Plusieurs pays européens ont ouvertement critiqué samedi ce bombardement de l'OTAN, se démarquant de la position de M. Jung.

«Les talibans ont déjà menacé de s'en prendre à la Bundeswehr avant les élections» législatives allemandes du 27 septembre, avait déjà dit le ministre sur la télévision publique ARD vendredi soir. «Il s'agissait d'une situation de danger très concrète», avait-t-il souligné.

De son côté, le secrétaire d'État à la Défense, Thomas Kossendey, a assuré qu'il s'agissait ainsi d'empêcher un attentat-suicide des talibans contre les soldats allemands.

«Nous partons du principe que les camions citernes dérobés auraient été conduits vers le camp de l'armée allemande pour causer le plus de dégâts possible dans un attentat suicide», a-t-il affirmé au quotidien régional Nordwest Zeitung. «C'est pourquoi l'armée allemande a agi de manière intensive» et demandé l'aide de l'OTAN, a-t-il poursuivi.

«Il s'agit d'un incident très grave», a pour sa part déclaré le ministre des Affaires étrangères, et candidat social-démocrate (SPD) à la chancellerie, Frank-Walter Steinmeier.

«Nous devons avec nos alliés faire la lumière le plus vite possible et le plus exactement possible sur ce qui c'est passé dans la nuit de jeudi. Mais je déconseille d'en tirer des leçons prématurées», a ajouté M. Steinmeier, dans l'édition dominicale de Bild.
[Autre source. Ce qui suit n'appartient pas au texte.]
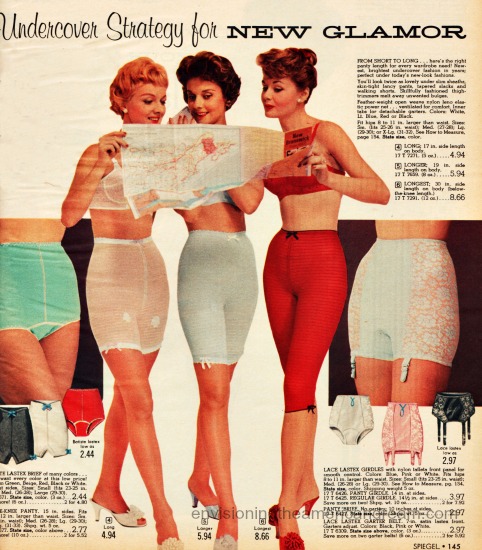 1953 WARNERS CONE BRAS GIRDLES CORSETS- 4 Young Ladies in Lingerie = Print  AD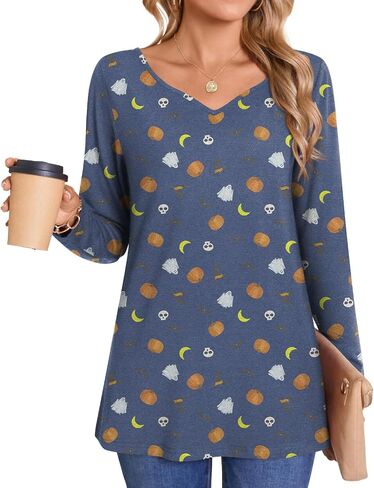 LONGYUAN Women's Shirts Long Sleeve V-Neck Comfort Tee Basic Tops Casual Fitted Blouses Outfits Fall 2024 in Kuwait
«Nous devons opérer résolument contre les criminels terroristes. Mais en même temps, nous devons tout faire pour éviter les victimes civiles», a-t-il ajouté.

la presse allemande accordait une large place samedi à ce bombardement, soulignant les conséquences qu'il pourrait avoir sur l'image de l'armée allemande en Afghanistan.

«Pour la première fois, l'Allemagne a ordonné une frappe aérienne», relève la S-ddeutsche Zeitung. «Ainsi l'image des Allemands en Afghanistan change - jusqu'ici la Bundeswehr n'était pas liée aux bombardements et aux souffrances des civils», juge-t-elle.

Le Parquet de Potsdam, où se trouve le commandement général des forces allemandes déployées à Afghanistan, a indiqué qu'il étudiait la possibilité d'ouvrir une enquête sur l'officier allemand qui a demandé à l'OTAN de détruire les camions citernes.

«Nous ne pouvons pas dire à l'heure actuelle si cela débouchera effectivement sur l'ouverture d'une enquête», a toutefois précisé Heinrich Junker, le procureur général de Potsdam à Bild am Sonntag.

D'autre part, trois soldats allemands et un interprète afghan ont été «légèrement blessés» samedi dans une attaque suicide à cinq kilomètres au nord-est de Kundus, a indiqué un porte-parole de la Bundeswehr.